Sabato sera sono uscita con il mio amico Atteoassi, tramite il quale venerdì ho conosciuto Re.

Atteoassi è un personaggio atipico: alto, secco, occhialini, ordinatino, metodico, bel ragazzo, zero filtri. Come un bambino:

– Beh Gei, che braccia..

Cosa dirà a Gei, l’amica di sua morosa che non vedevano da tanto e che li ospita in Sardegna dove lavora ogni volta che la vanno a trovare?

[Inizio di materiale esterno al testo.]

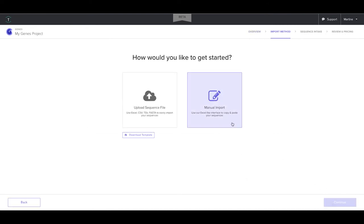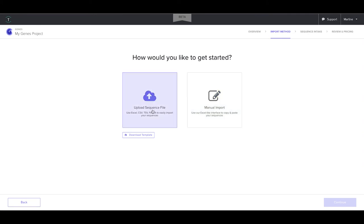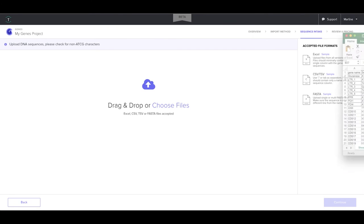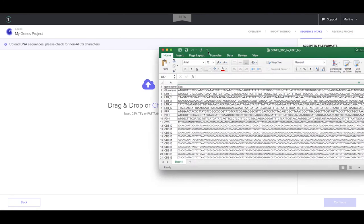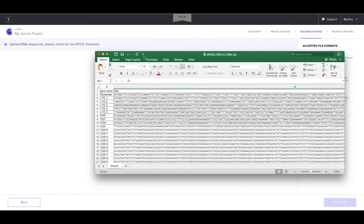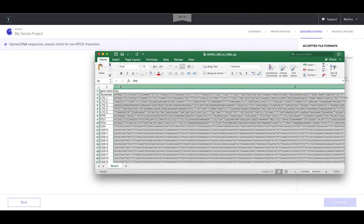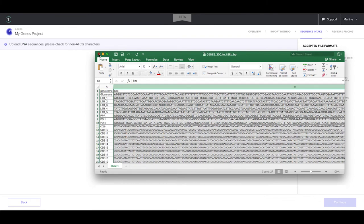In the next step, you can either manually import your sequences by pasting them into a genes grid, or you can upload a sequence file. Here is an example Excel file which contains a gene name column and a sequence column. Let's now proceed to import this file.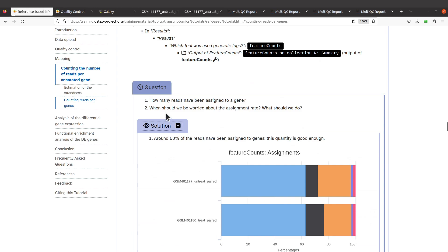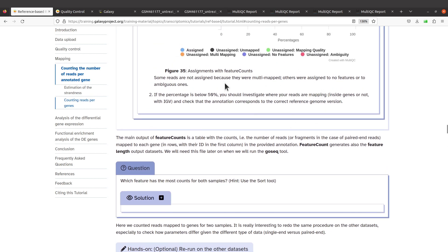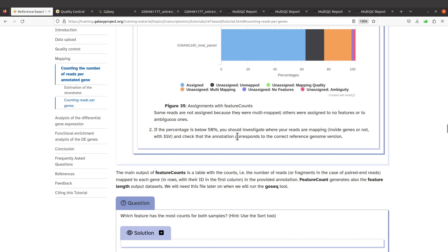The tutorial also addresses when we should be worried about the assignment rate. If the percentage is below 50%, then we should investigate whether the reads are mapping inside genes or not. This is where IGV comes in — with IGV, you can visualize the alignment records and that will help you. You should also check that the annotation corresponds to the correct reference genome version. For example, the reference genome used for mapping and the GTF file used for feature counts should be the same version.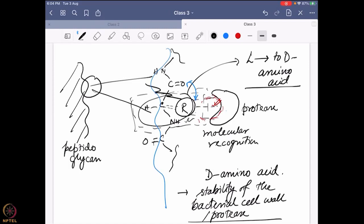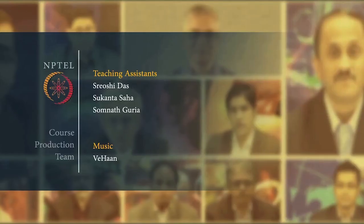It has been found in reality that inclusion of some D amino acids actually increases the virulence — or more specifically the stability — of the bacterial cell wall even in the presence of protease. This is how a D and L amino acid mixture is critically important. Bacteria disrupt the molecular recognition pattern of the protease by incorporating D amino acids at key positions, allowing them to go undetected. Reading materials will be shared for more details.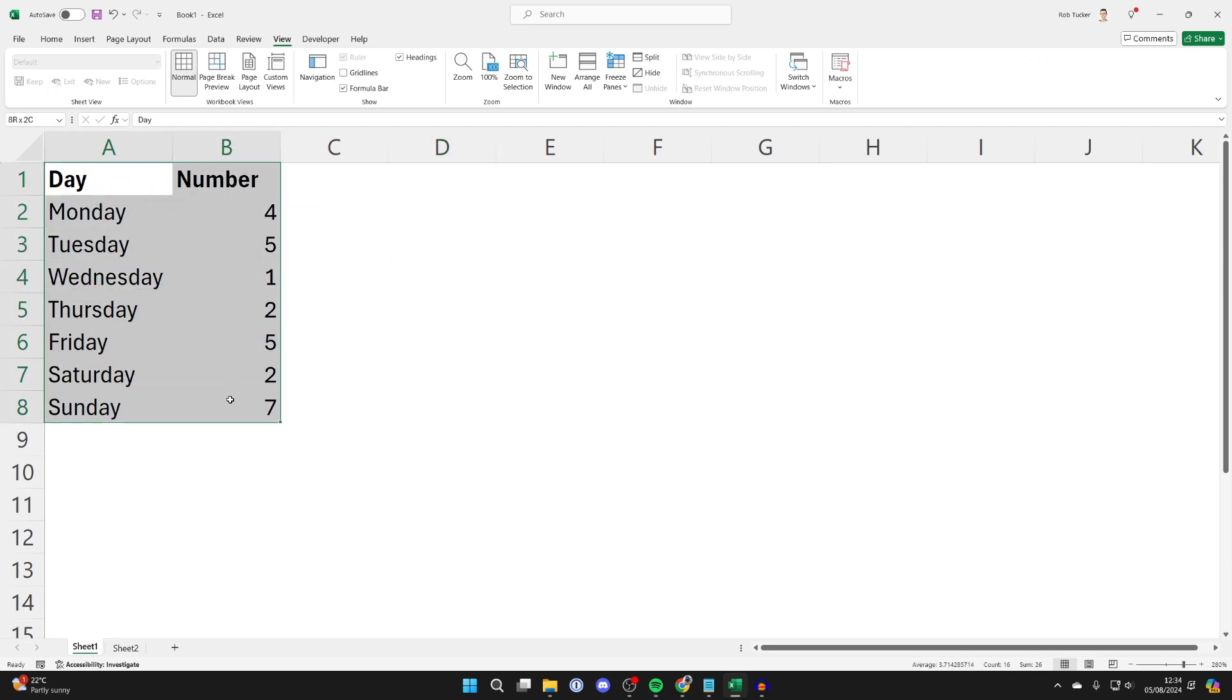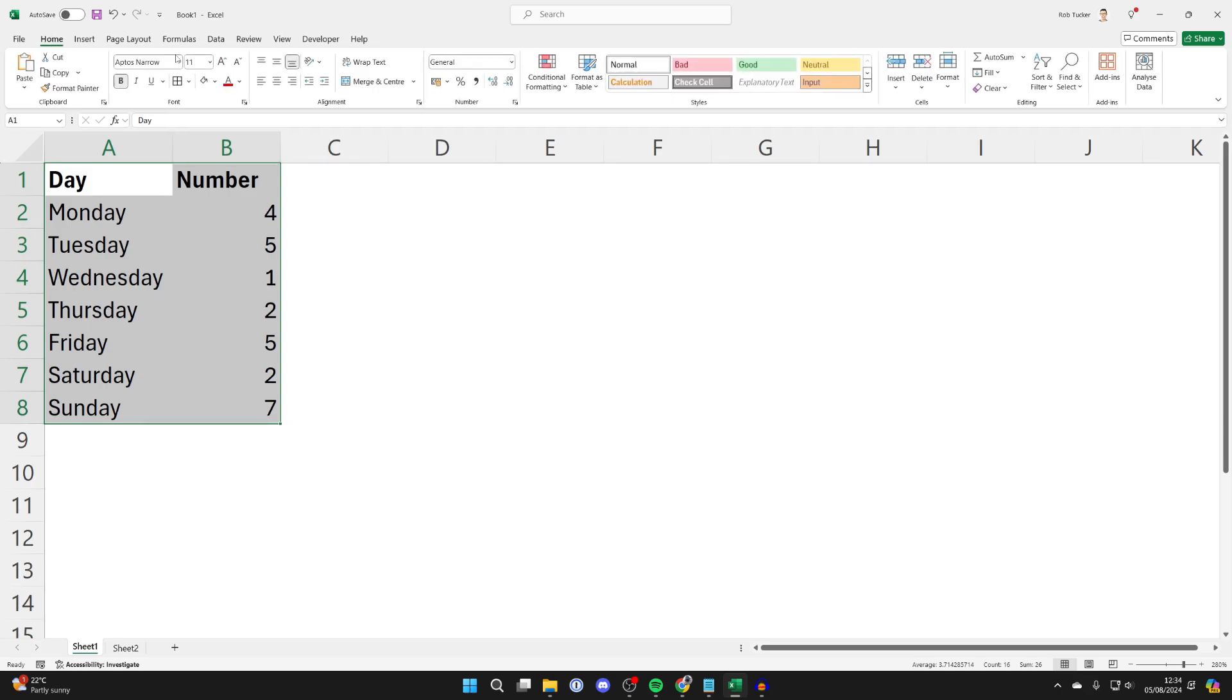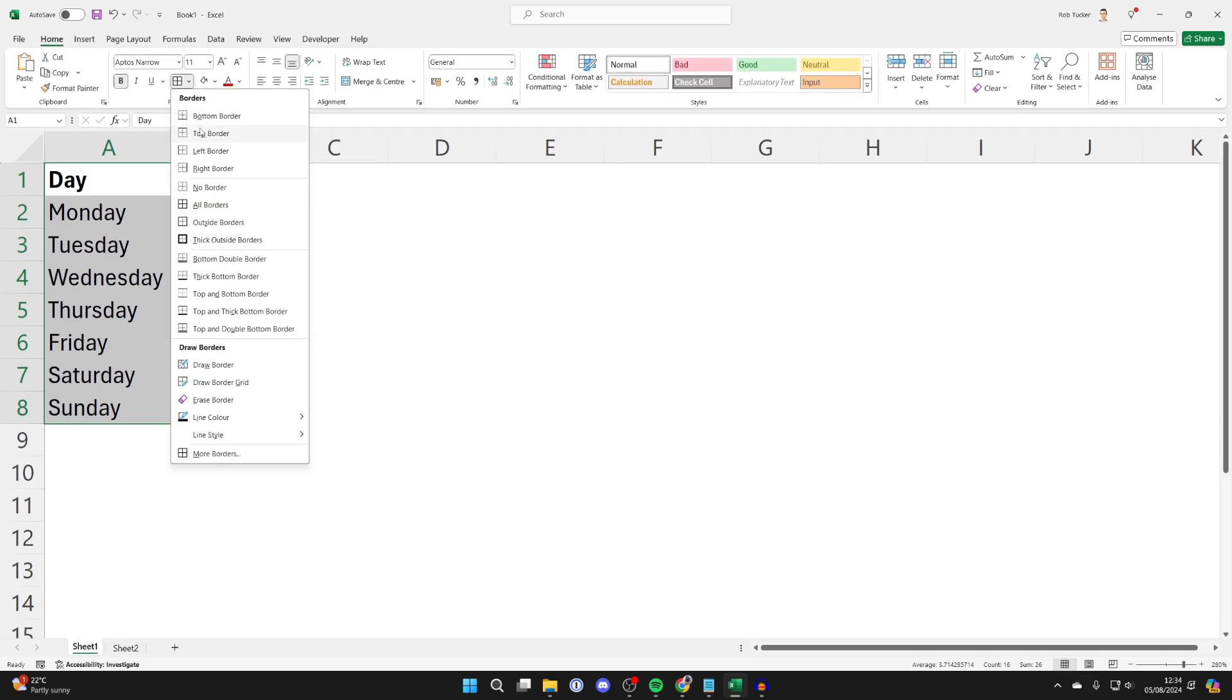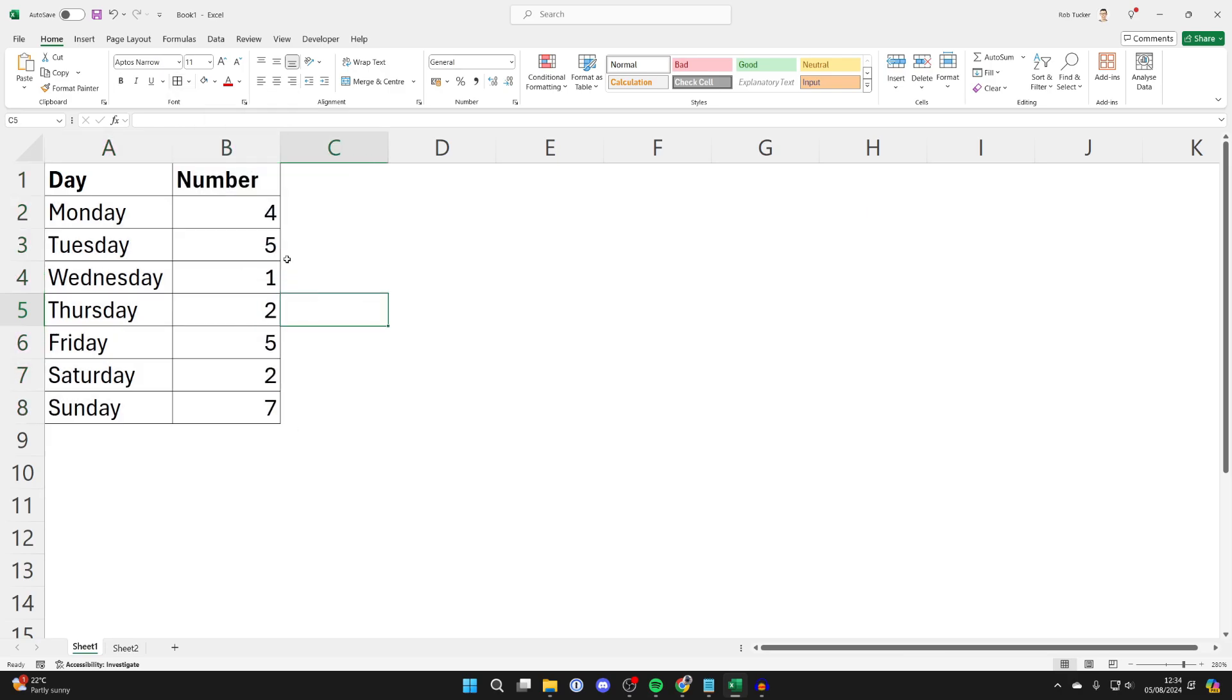What you can do is choose the cells where you do want grid lines and select them by clicking, holding, and dragging. Click on Home, come into the Font section, and you can then choose All Borders. As you can see, we've now got borders there.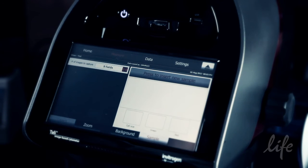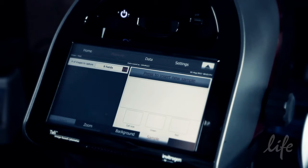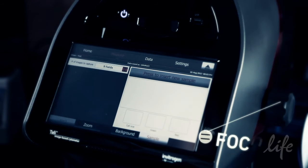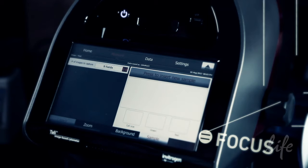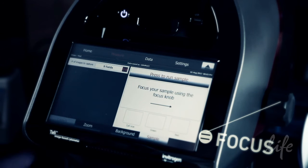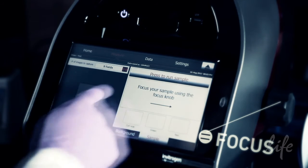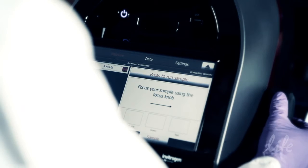Your sample will be drawn into the instrument and you'll be shown a live view of your cells. When prompted, focus the cells using the image adjustment knob on the right side of the instrument. Correctly focused images have uniformly dark coloured cells surrounded by bright halos.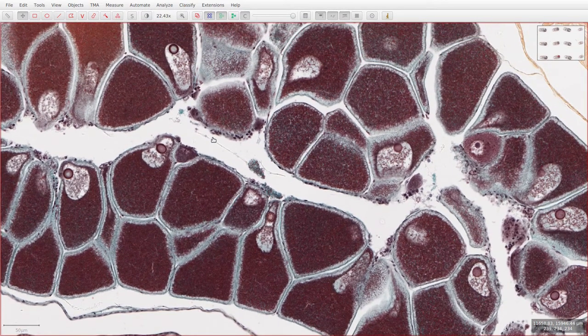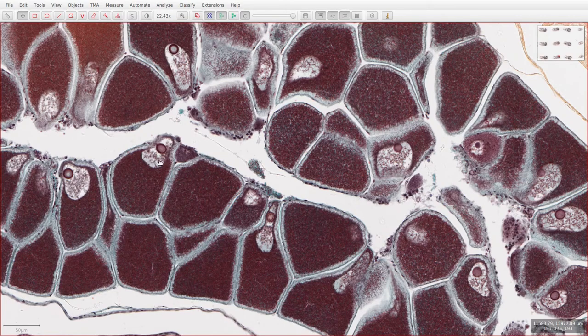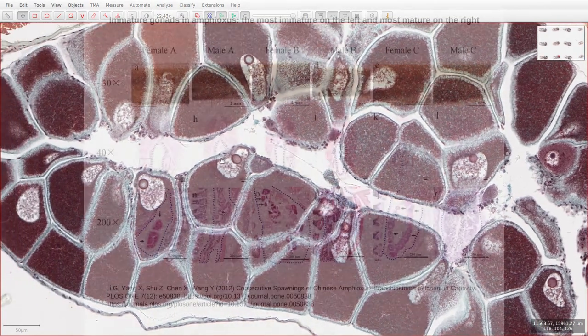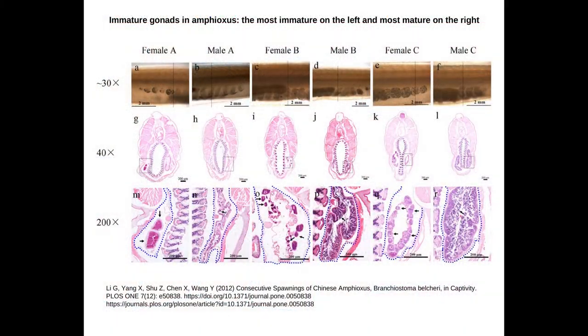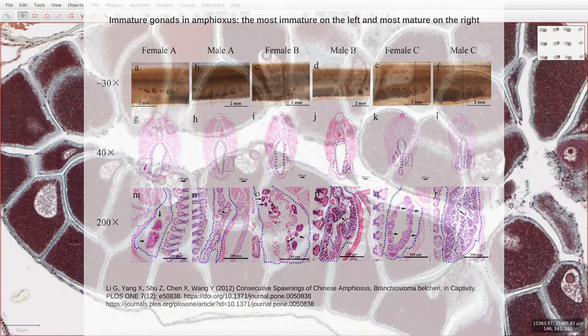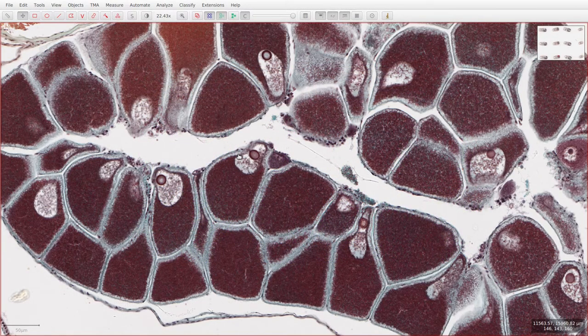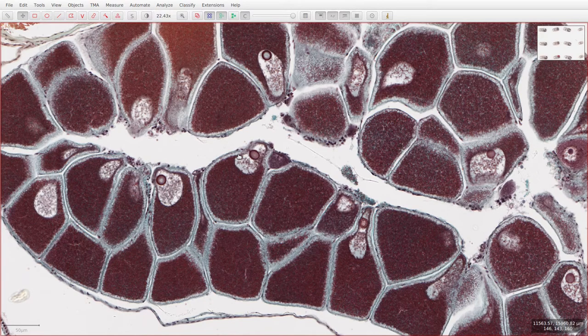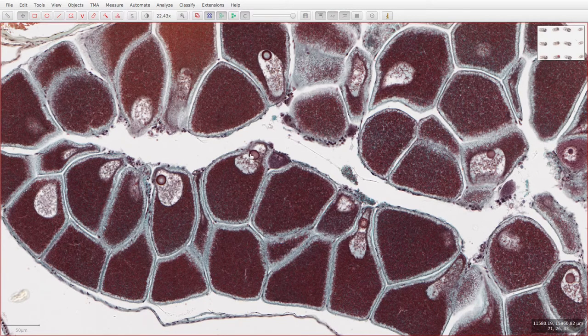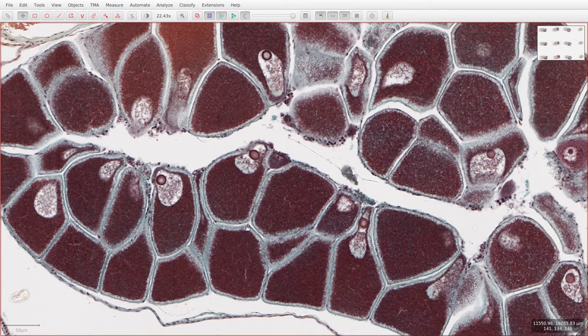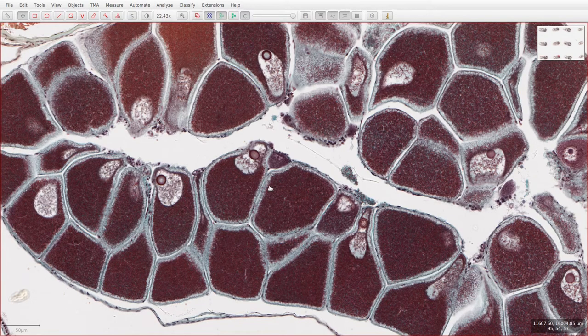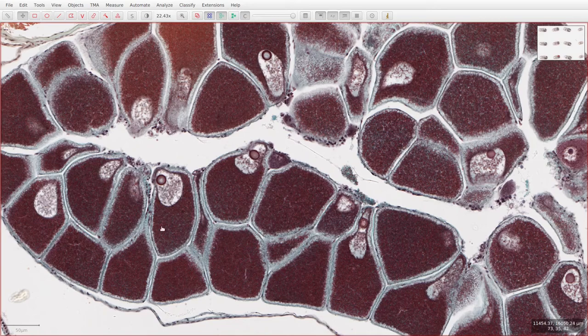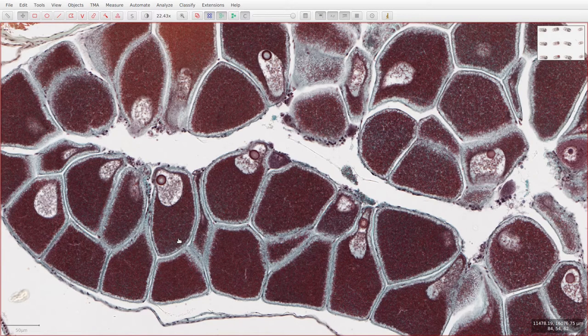The size and structure of the ovaries will depend on the maturation of the egg cells. Unlike in mammalian ovaries where you'll get various different oocytes at different stages of development, because the amphioxus rely on external fertilization, it's beneficial for them to release all of their eggs at the same time. So all of the oocytes here will be at the same stage of maturation, and as you can tell by the size of these cells, these are pretty mature oocytes.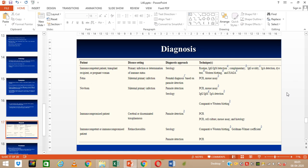Diagnosis can be done by serological methods. We can do IgG, IgA, and IgM detection by ELISA. We can also do Western blotting for antibody detection. PCR can also be performed for the detection of parasite nucleic acid. In the provided table, for different age groups and different conditions, we can choose different diagnostic options as shown.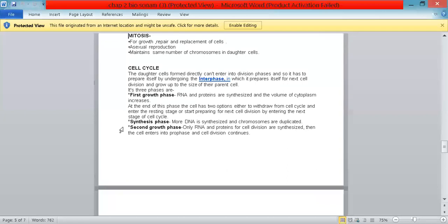The cell cycle has three interphase stages. In the first growth phase, RNA and proteins are synthesized and the volume of cytoplasm increases. At the end of this phase, the cell either withdraws into a resting stage or starts preparing for the next cell division. In the synthesis phase, more DNA is synthesized and chromosomes are duplicated. In the second growth phase, only RNA and proteins for cell division are synthesized, then the cell enters prophase and division continues.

Beh Gei, che braccia… Grasse.

Io e Atteoassi ogni tanto usciamo: Mazz – la sua ragazza e mia amica che ci dovrei fare sei post solo per inquadrare il personaggio – me lo presta e ci prendiamo mine alcoliche di discreto livello.

Con la scusa che nelle ultime 24 ore si era sentito un po’ Castagna – prima che fosse morto – siamo usciti a far aperitivo.

Atteoassi nei panni di Cupìdo è inguardabile, non ha la minima idea di come rendersi utile ma in compenso si agita moltissimo 

  quindi mentre venerdì parlavo tranquilla con ‘sti tre sconosciuti – ancora ignara del fatto che la mia fosse irruzione in una serata reunion tra amici che non si vedevano da dieci anni – mi prendeva continuamente da parte e con la discrezione di uno spacciatore per liceali e inizia a bisbigliare:

Sì ma guarda che se ci vuoi provare fallo adesso eh che poi non so se ci spostiamo, chissà quando lo rivedo poi quindi non so se dopo ti posso aiutare

Pat-pat, annuire e via.

Re mi guardava, io guardavo lui, tornato a casa mi aveva aggiunta su fb, lineare.

Insomma, sabato aperitivo: una bottiglia per noi due e alla seconda ci ha raggiunto Re, finita la terza ci siamo spostati nel Barpreferito e lì ho incrociato Ine.

Ora, non fraintendetemi: mi sono divertita molto con tutti ed è stata una bellissima serata

io e Re siamo rimasti a parlare fino alle tre dopo aver perso di vista gli altri

abbiamo un po’ limonato perché sono per il free-lemon dopo il quinto bicchiere e comunque mi andava

poi ci siamo sentiti, accordati per rivederci, nessun problema

ma vince la serata Ine, da un paio d’anni felicemente ex di M, la quale per lungo tempo è stata la cosa più simpatica di lui e che per chissà quanto mi ha letta nell’ombra.